# [PROBLEM DETAILS]
The lines below, from the one containing "HYDRAULIC CHUCK WITH" through the one containing "LEGO The Creeper, 21276", should be set down exactly, with no pictures and nothing else.

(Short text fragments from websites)

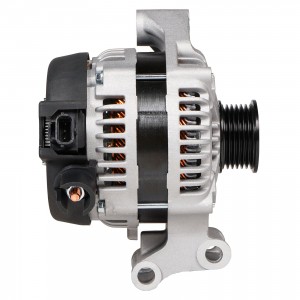 Генератор для а/м Ford Focus II 05-/Volvo S40 II 04- 1.4i/1.6i 120A LG1070 LG 1070 START VOLT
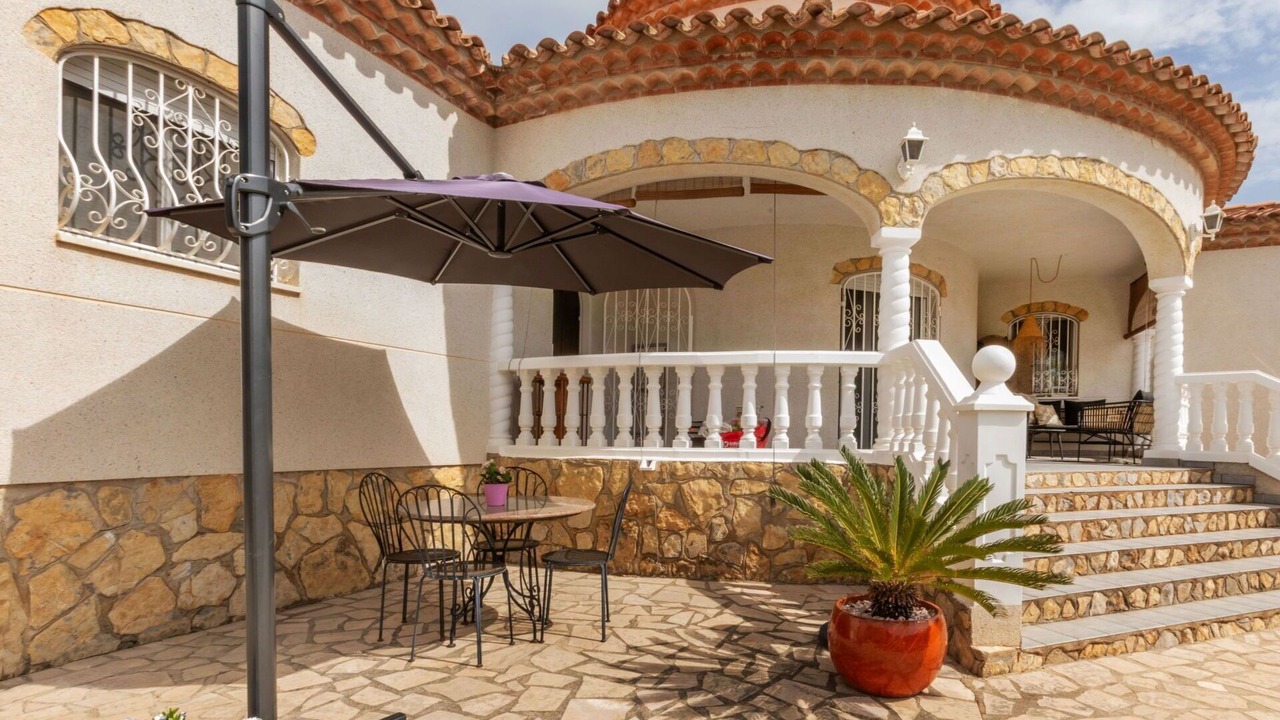 Photo of Patio Balcony in Costa del Zefir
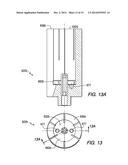 HYDRAULIC CHUCK WITH A REDUCTION SLEEVE diagram and image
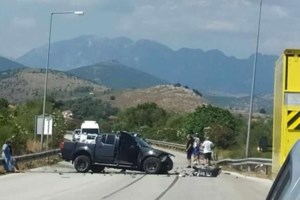 Τραγωδία για τον ηθοποιό Οδυσσέα Σταμούλη: Ο 11χρονος γιος του πνίγηκε στη θάλασσα στους Φούρνους Κορσεών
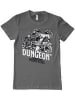Dungeons And Dragons T-Shirt "D&D Dungeon Monsters T-Shirt" in Grau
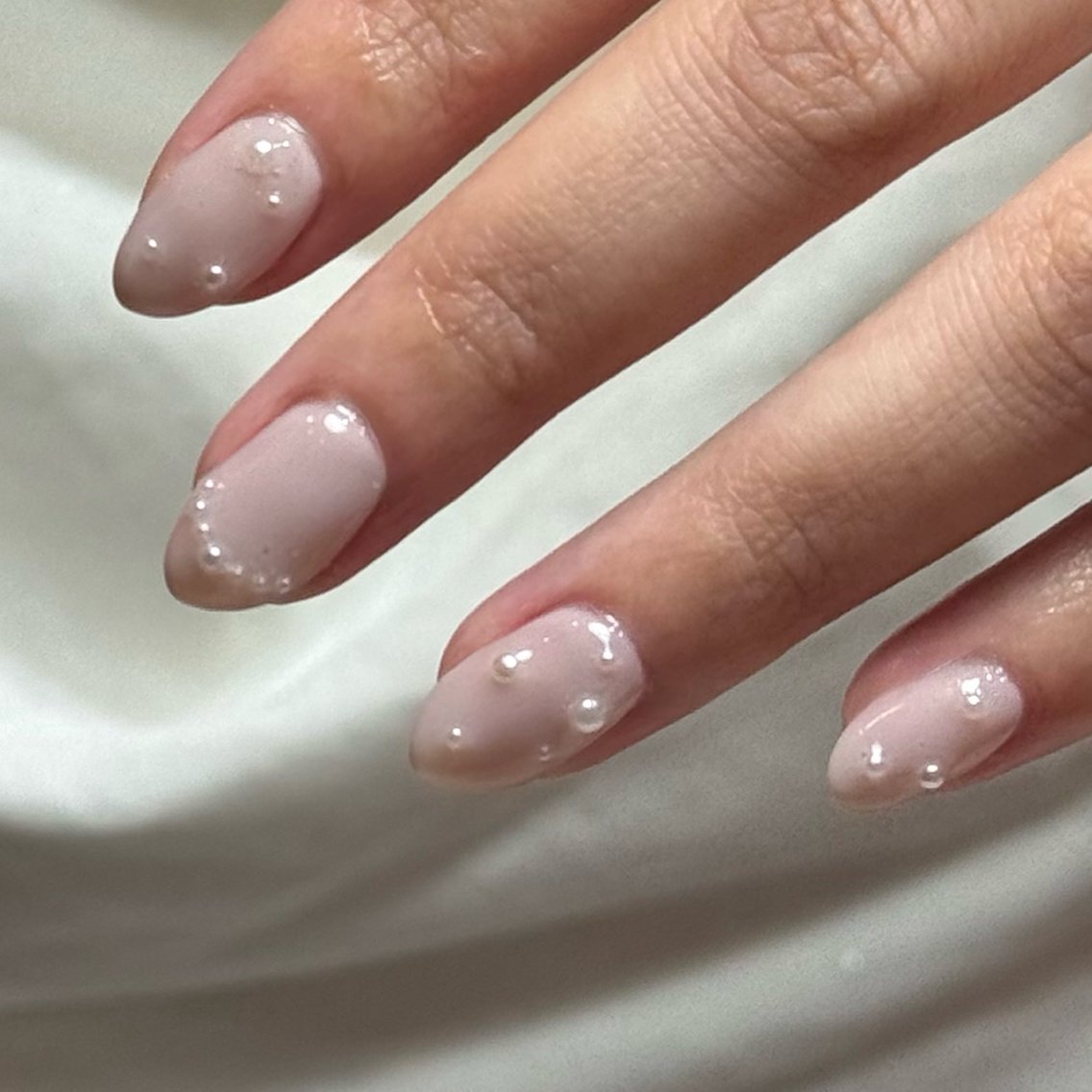 ネイル 宇都宮ネイルGELo nail rinaのネイルデザイン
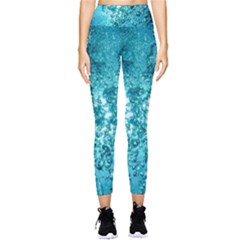 Bubbles Water Bub Pocket Leggings 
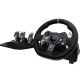 6. Logitech G G920 Black USB Steering Wheel + Pedals Analog MAC, PC, Xbox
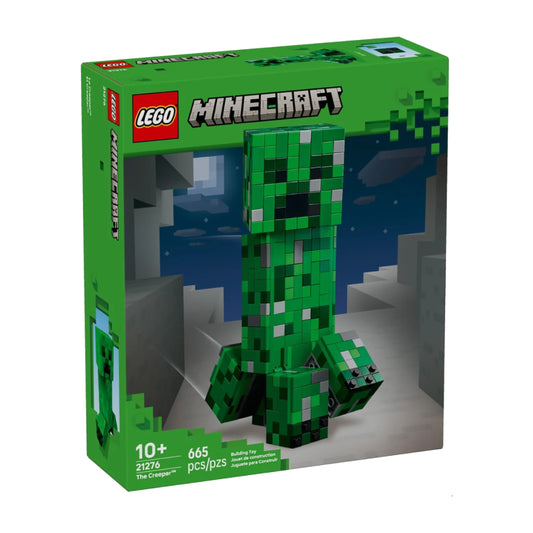 LEGO The Creeper, 21276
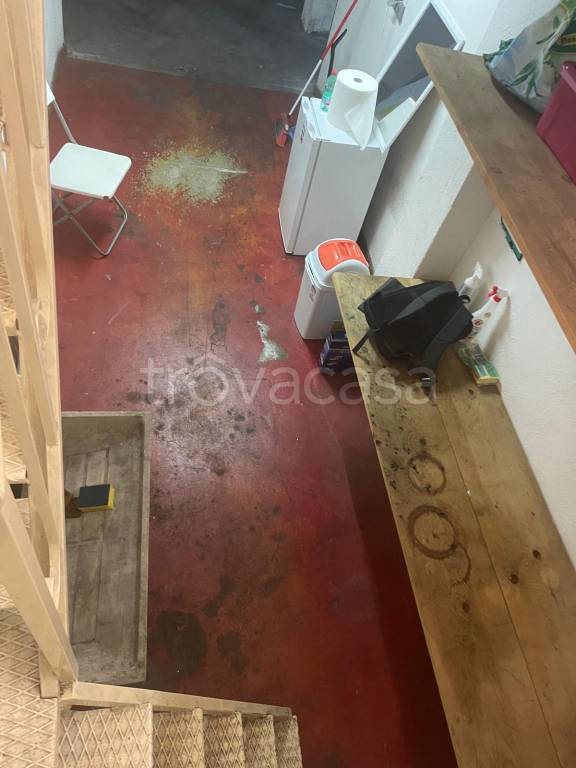 casa indipendente in vendita a Roma in zona Prenestino-Labicano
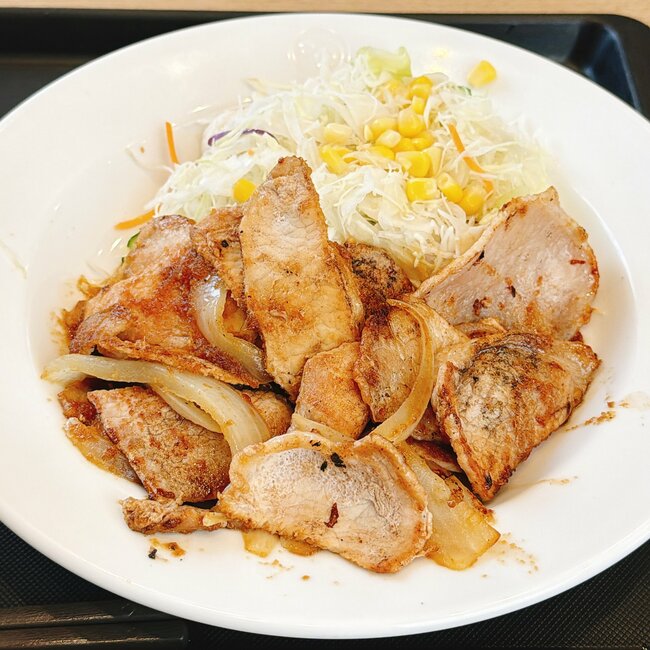 「4日連続で食ってる」松屋の“お肉てんこ盛り定食”が味もボリュームも大満足！「お腹ぱんぱん」「こういうのでいいんだよ」《実食レビュー》
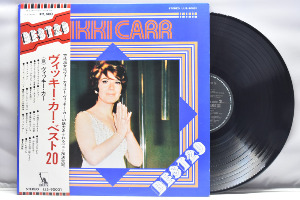 Vikki Carr [비키 카] - Best 20 ㅡ 중고 수입 오리지널 아날로그 LP
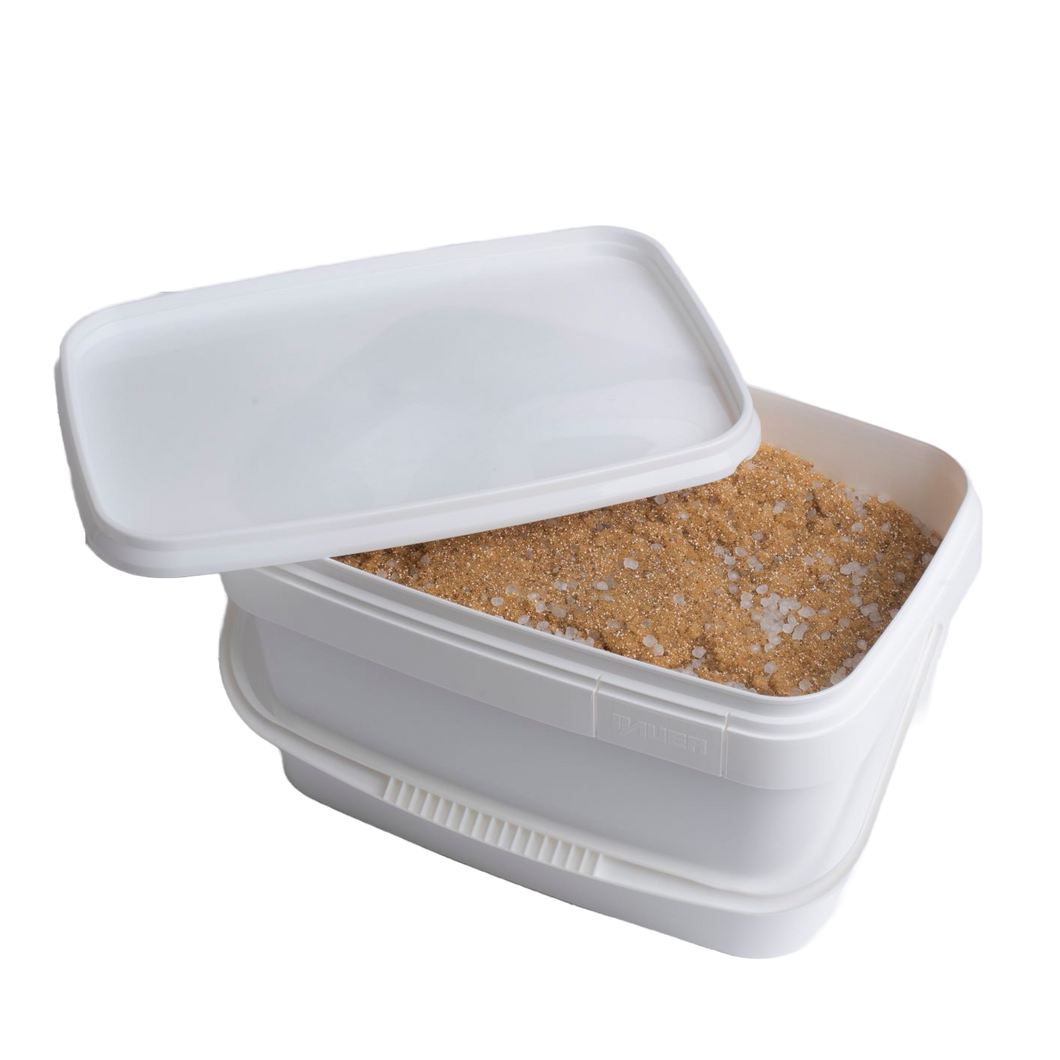 Aquagroup - Ecomix A 5 liter pot (Ecosoft)  Geschikt voor putwaterbehandeling en boorputwater.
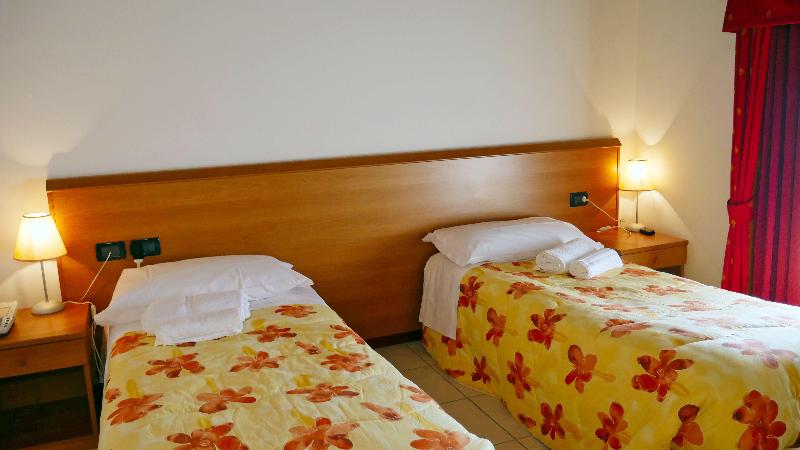 Hotel Vajont - Oda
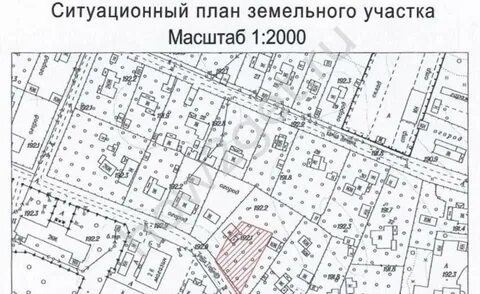 Программы ситуационного плана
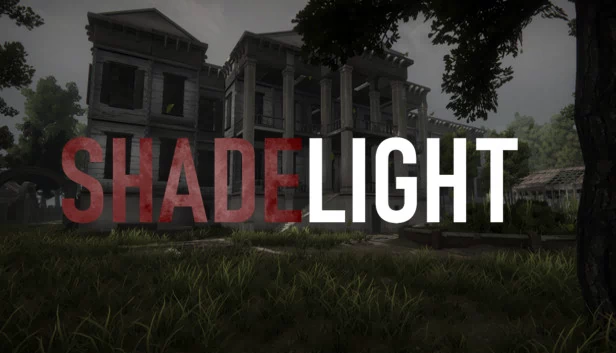 暗影之光（The Shadelight） 游戏封面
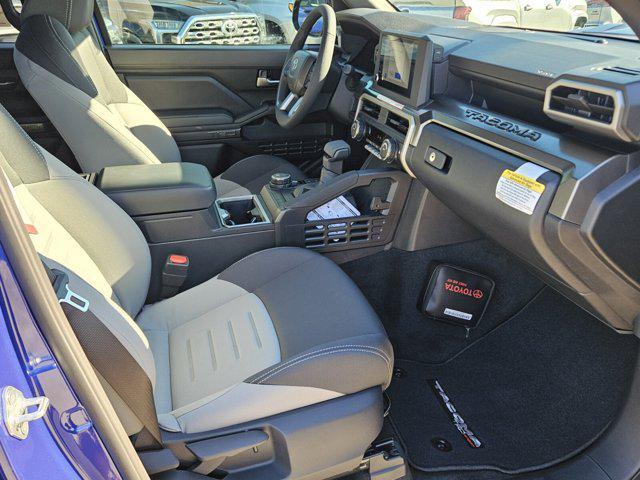 new 2025 Toyota Tacoma car, priced at $45,484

# [TASK RESPONSE]
 HYDRAULIC CHUCK WITH A REDUCTION SLEEVE diagram and image
 Τραγωδία για τον ηθοποιό Οδυσσέα Σταμούλη: Ο 11χρονος γιος του πνίγηκε στη θάλασσα στους Φούρνους Κορσεών
Dungeons And Dragons T-Shirt "D&D Dungeon Monsters T-Shirt" in Grau
 ネイル 宇都宮ネイルGELo nail rinaのネイルデザイン
 Bubbles Water Bub Pocket Leggings 
 6. Logitech G G920 Black USB Steering Wheel + Pedals Analog MAC, PC, Xbox
 LEGO The Creeper, 21276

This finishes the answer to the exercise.